After changing a severity or clustering algorithm, re-derive an existing run's results — severity, crash/finding dedup, and the rollup tables — without re-auditing or any API calls:

bin/benchmark --target "$TARGET" --backend "$BACKEND" --regenerate

With --target, --regenerate reuses --run-id / BENCHMARK_RUNID (or the most recent run when neither is set). With no --target it re-derives every run under the bench root — all targets and backends — and rebuilds the full cross-backend page. Either way it refreshes benchmark-result.{md,html} and the cluster reports and does not rebuild each crash's export-repro report bundle. See Benchmarking.
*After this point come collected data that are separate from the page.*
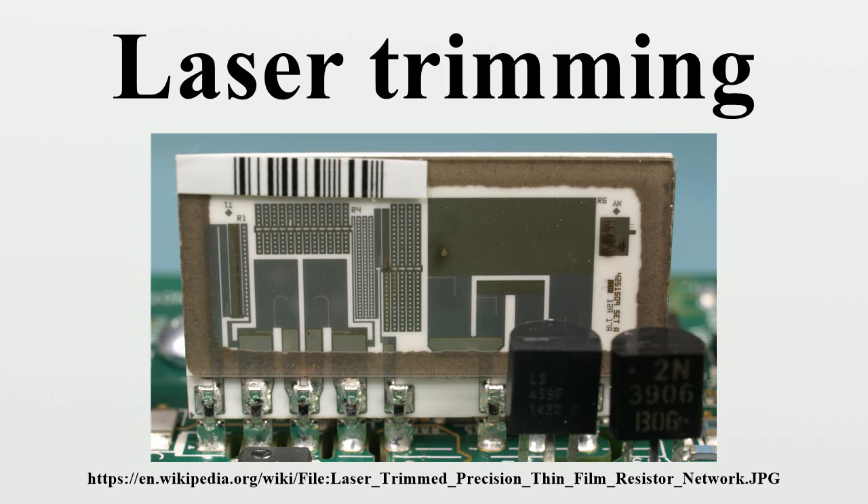This trimming method requires no contact points between the resistances, because the fine-pitch adapter contacts the component on the opposite side of where the trimming occurs. Therefore, the LTCC can be arranged more compactly and less expensively.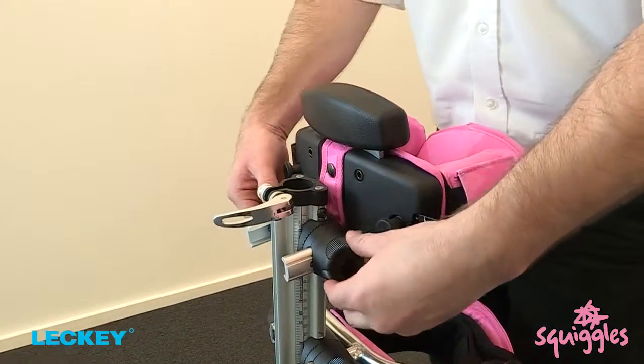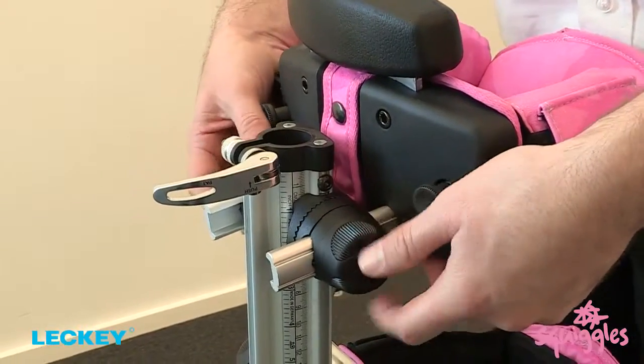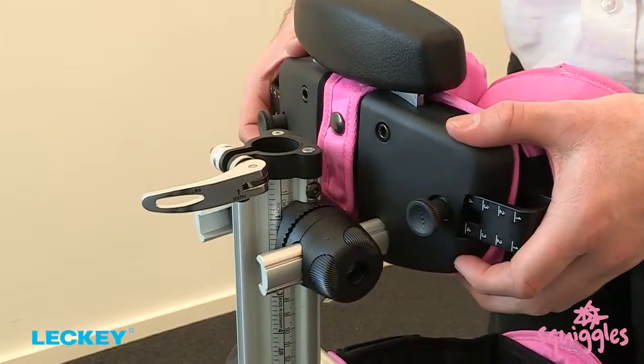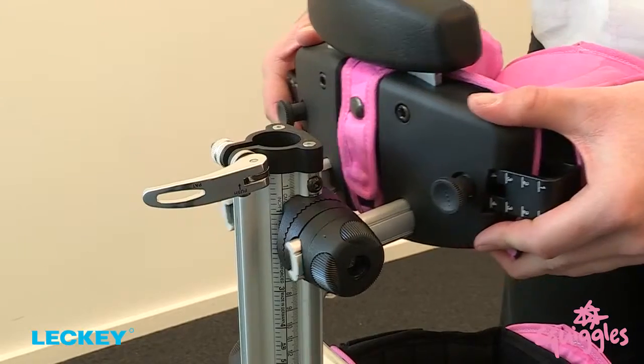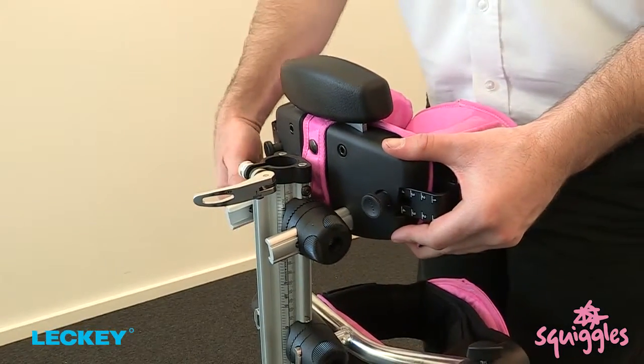The chest section on the Squiggle Stander cannot be height adjusted, but can be depth and angle adjusted by rotating the coffee jar lids in an anti-clockwise direction.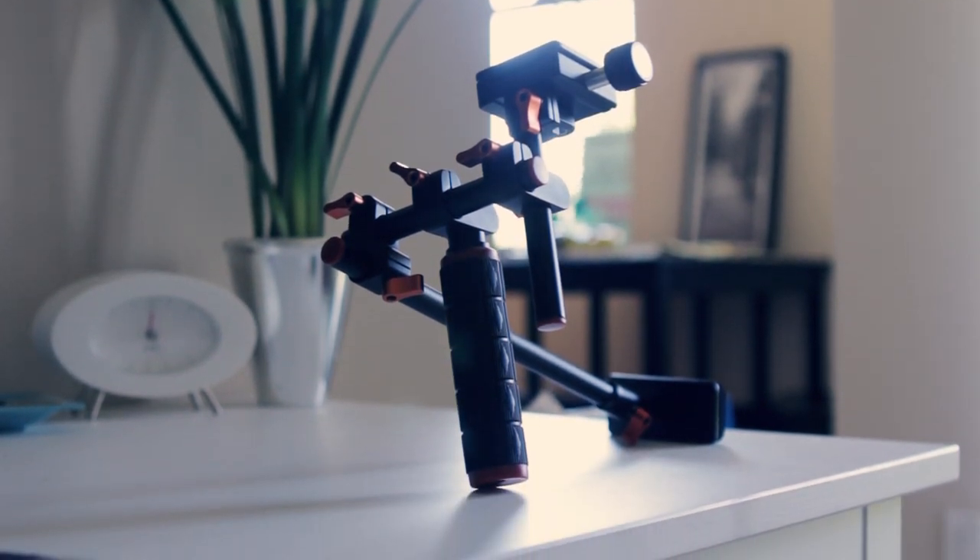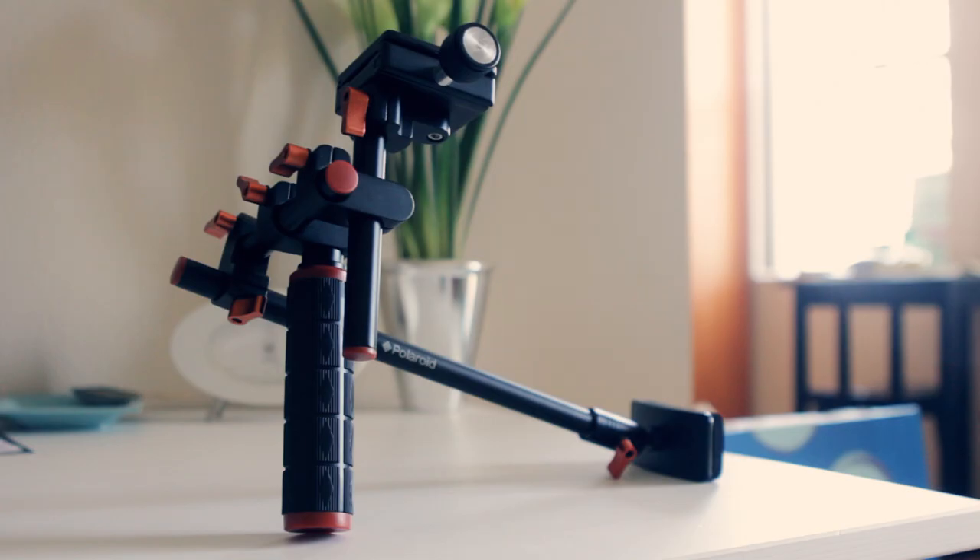What's going on guys? Today we're going to take a look at this inexpensive camera rig. It's only $60 on Amazon, which may seem like a lot for just this if you're not familiar with how much this type of equipment costs. But from the more traditional manufacturers, this would be hundreds and hundreds of dollars.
Helpers the harness runs for you

The remaining commands in bin/ are invoked by the harness itself. You rarely run them by hand, but knowing what each one is keeps a directory listing from being mysterious:

Command Invoked by What it does
bin/auto-build-script setup-target --bootstrap Converges on a working sanitizer build recipe via an LLM and writes it to targets/<target>/.audit/build.sh.
bin/auto-repair-target-toml triage, after repeated C/C++ harness build failures Proposes a conservative additive repair to includes / defines / link_libs, with a target.toml.bak.<timestamp> backup. Disable with TARGET_TOML_AUTO_REPAIR=0.
bin/rank-work bin/audit Builds and ranks the concrete work cards agents claim.
bin/patch-cards bin/audit Builds S1 prior-fix cards from the target's recent fix commits.
bin/peer-fix-cards bin/audit Builds S6 cards from the [s6_peers] projects in target.toml.
bin/run-asan, bin/run-ubsan, bin/run-msan, bin/run-tsan bin/probe Per-sanitizer single-shot execution wrappers (browser, JS, generic, and fuzz modes).
bin/run-sanitizer-multi bin/probe --confirm, export-repro Multi-run normalizer (default 5 runs, SANITIZER_RUNS overrides) that measures the reproduction rate. bin/run-asan-multi is a compatibility shim forwarding to it.
bin/triage-fuzz-crashes triage Triages libFuzzer artifacts under fuzz-crashes/ into a single fuzz-leads.md agents can pick leads from.
bin/render-md triage, clustering, benchmark Renders a markdown report or index to its styled .html sibling.